# Gate Gaurd build (pic heavy!)



## DoctorShadow (Sep 18, 2008)

I have a mask that i couldn't figure out what to do with, then I had an idea.

The Gate Guard is about 8ft tall with large hands, holding a staff.

First I started with the hands made from 1/2 pvc.




























Next I build a frame with 2x4 and 1" pvc, then covered in chicken wire.



















More coming!!


----------



## DoctorShadow (Sep 18, 2008)

Another pic of the frame build with the staff.










After all of this I needed a robe, but as big as this creature is fabric would be costly. So I found the next best thing!

PLASTIC!!










I roll out the plastic and first fitted the torso.

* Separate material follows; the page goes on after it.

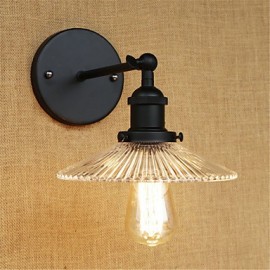 AC 110-120 AC 220-240 40 E26/E27 Country Retro Painting Feature for Mini Style Bulb Included Eye Protection Ambient Light Wall Sconces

I then added the sleeves. All of this was done with staples! 










Next complete pics!!


----------



## DoctorShadow (Sep 18, 2008)

And now the FINISHED Gate Guard!!




























And the top of the staff....










I wish I had the time and money to build a large gate to put behind him. Maybe next year!


----------



## Texan78 (Sep 25, 2008)

Wow that looks great!!! I am sure that will be a nice addition and look very cool at night under some accent lighting. Great job.

Let me know how that 3.5 mil plastic works out for you if you have any problems with tearing or weathering. I normally use 6 mil to make walls to enclose my car port to make a room.


----------



## scareme (Aug 29, 2006)

That's an awesome prop you have there.


----------



## Lilly (Jun 13, 2006)

pretty tall..good job
get a night shot please
cool mask
are you anchoring that so wind doesn't blow it over?


----------



## DoctorShadow (Sep 18, 2008)

Lilly said:


> pretty tall..good job
> get a night shot please
> cool mask
> are you anchoring that so wind doesn't blow it over?

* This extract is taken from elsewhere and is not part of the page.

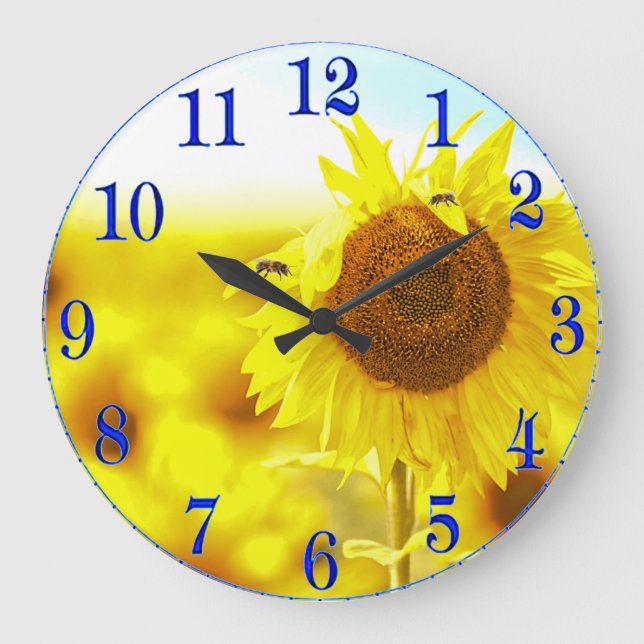 Horloge murale (Recto)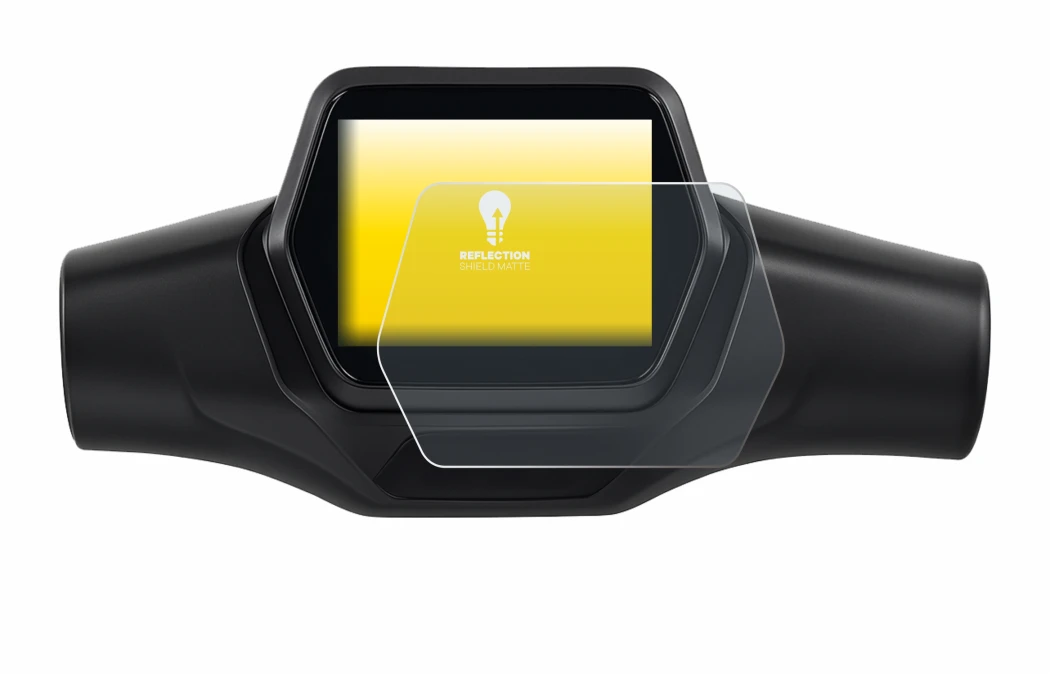 Immagine del dispositivo Segway Ninebot ZT3 D con un'ampia varietà di protezioni per lo schermo.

Night shot is coming in about a week. 

I have a plan on anchoring, but at first this was the biggest problem. I have an idea to use metal post on the back. The wind was my biggest fear when building this. It's so tall, but so cool!!


----------



## bignick (Sep 25, 2008)

That is really awesome!!


----------



## michael myers (Sep 3, 2007)

Very nice!!


----------



## Systematic Chaos (Sep 7, 2008)

Impressive! I wouldn't want to come across him lol


----------



## cerinad (Jun 23, 2008)

That thing is Awesome!! I love it!!


----------